The Jamaican-born CDB head said that infrastructure development plays an important role in enhancing the business environment, increasing access to employment opportunities and reducing poverty.
He said in the area of economic infrastructure, the bank approved seven loans totaling US$121 million or 46 per cent of total approvals that included improving water supply in the Bahamas and Barbados; upgrading the John Compton Dam in St. Lucia; flood mitigation in Barbados; and rehabilitation and reconstruction of roads and sea defenses after damage from floods and Tropical Storm Erika in Dominica.
He said four major interventions totaling US$65mn were made to upgrade social infrastructure, and included TechVoc Education and Training in St. Kitts and Nevis; two basic education projects in Belize and Grenada; and one project to enhance the effectiveness and sustainability of the Student Revolving Loan Fund in Barbados.
He said Haiti also received a grant of almost US$13 million from CDB for TechVoc Education and Training.
Smith said that the approved projects included components that provided for gender assessments; gender training and improvements in other support systems for at-risk and vulnerable groups; social and gender monitoring and evaluation; climate risk and vulnerability assessments; and photovoltaic potential assessments.
“These recurring themes are consistent with ongoing efforts to mainstream gender; climate resilience and disaster risk management; and energy considerations in project design. The water upgrade project in Barbados, for example, makes provision for an assessment of the gender-related impacts of frequent water outages in the most affected areas of Barbados.
“Also, renewable energy capacity will be expanded via the installation of a 550 kW solar photovoltaic plant under the Bahamas’ water project.
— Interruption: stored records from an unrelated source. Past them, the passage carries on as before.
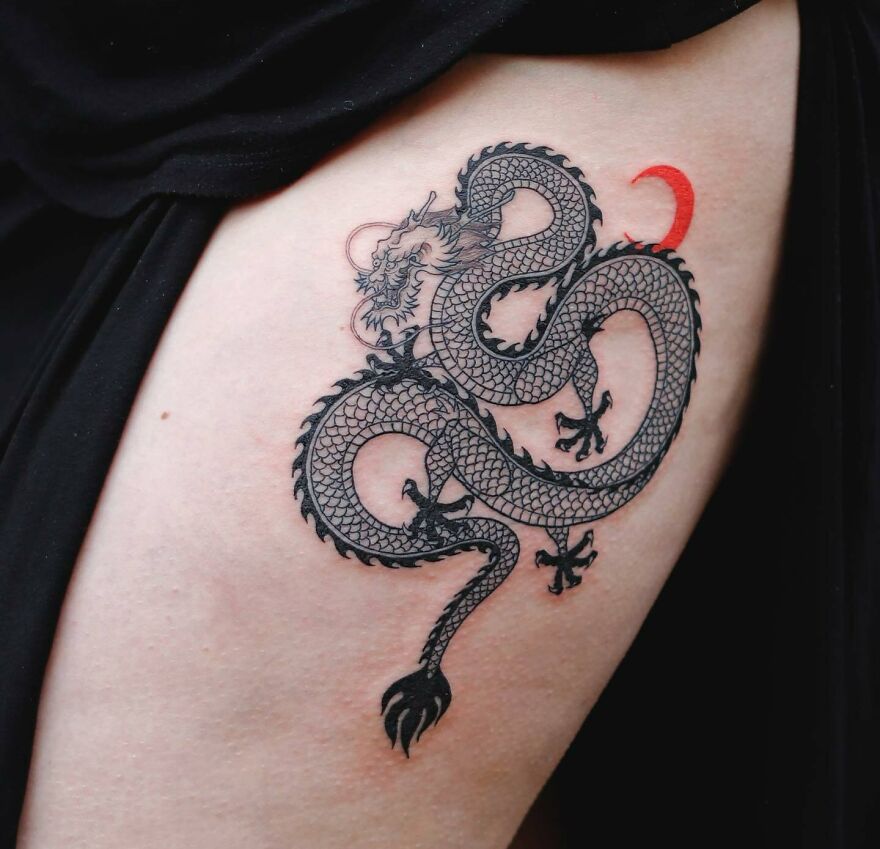 Detailed dragon tattoo design with a red crescent accent on a person's skin.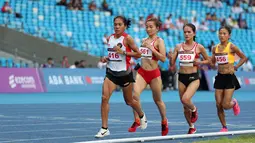 Reaksi pelari putri Indonesia, Odekta Elvina Naibaho (kiri) berkompetisi pada nomor lari 10.000 meter SEA Games 2023 di Stadion Morodok Techo National Stadium, Phnom Penh, Kamboja, Jumat (12/5/2023). Odekta meraih medali perunggu dengan catatan waktu 35 menit 31,03 detik sementara medali emas dan perak direbut dua atlet Vietnam, Thi Oanh Nguyen (35 menit 11,53 detik) dan Thi Hong Le Pham (35 menit 21,09 detik). (Bola.com/Abdul Aziz)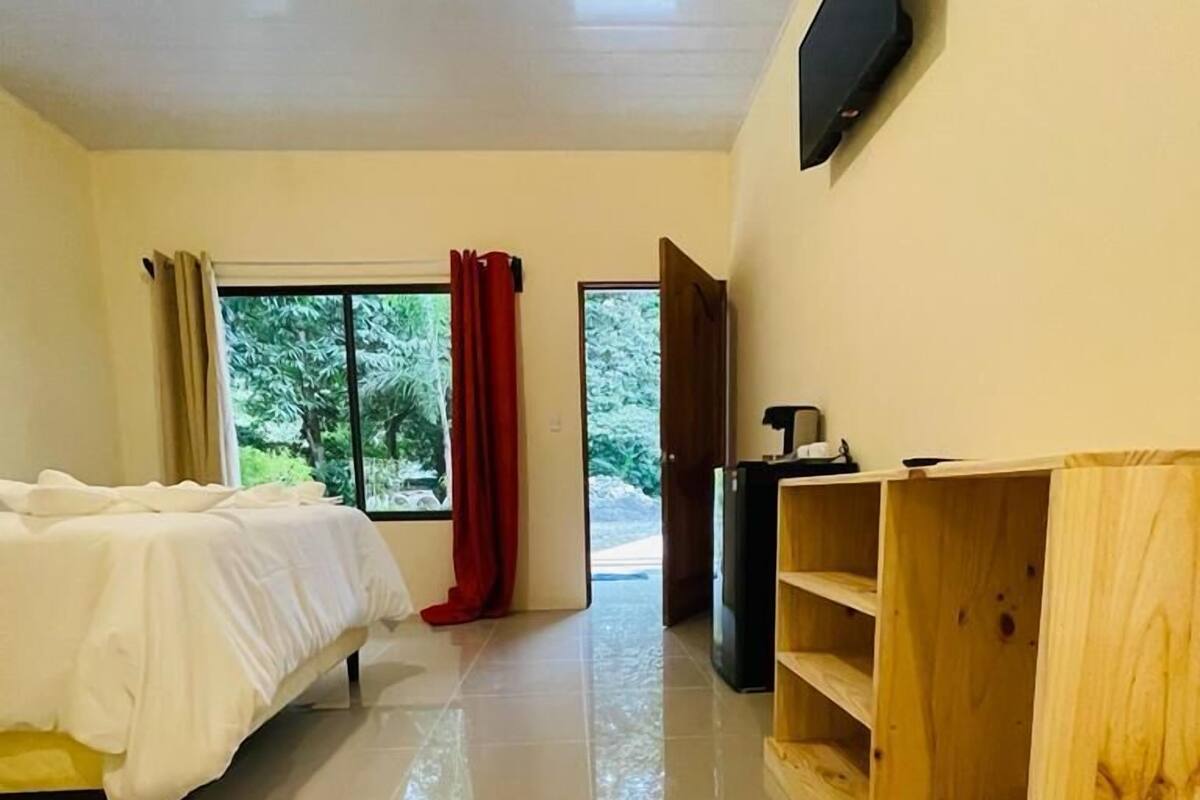 A hotel room with a bed, a TV mounted on the wall, a wooden shelf unit, and a window with curtains.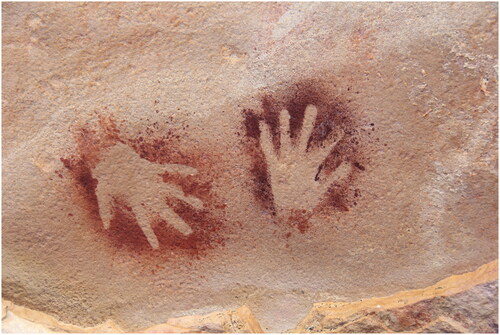 Figure 1. Two hand stencils made at Liwingkinya (Vanderlin Island) by the namurlanjanyngku spirit beings on the morning the research team arrived (photograph: Liam M. Brady, 2019).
This initiative, together with the one-MW solar PV pilot project in Anguilla is also indicative of the success CDB has had with reorienting our energy focus towards sustainable energy usage.”
Smith said that in 2015, policy development was another thematic area for CDB with the bank approving policy-based loans (PBLs) amounting to US$65 million for three countries.
“Embedded in the PBLs are, inter alia, policy and institutional reforms to stabilise the financial sector; achieve fiscal sustainability; increase country competitiveness; boost growth and build economic resilience.
“In order to encourage BMCs to adopt new technologies in areas such as renewable energy, CDB must be able to source financial resources which are appropriately priced. This is especially evident in ventures such as geo-thermal energy where there is high up-front risk. “
Smith said the three initiative include the €21.4 million (One British pound =US$1.39 cents) Sustainable Energy for the Eastern Caribbean (SEEC) Programme, the US$71.5 million Sustainable Energy Facility (SEF) for the Eastern Caribbean and the £300 million UK-Caribbean Infrastructure Fund (UK-CIF).
He said the first two programme “will allow CDB to employ innovative financing methods to advance sustainable energy solutions in beneficiary countries.
“We will be able to expand the range of funding and technical assistance available to the public and private sectors, placing special emphasis on solar, wind and geothermal energy projects,” he said noting that beneficiary countries of the third initiative “will be able to access grant financing for new infrastructure such as roads, bridges and port development – critical drivers of economic growth and employment creation.
Countries eligible to access this Fund are Antigua and Barbuda, Belize, Dominica, Grenada, Guyana, Jamaica, Montserrat, Saint Lucia, and St. Vincent and the Grenadines.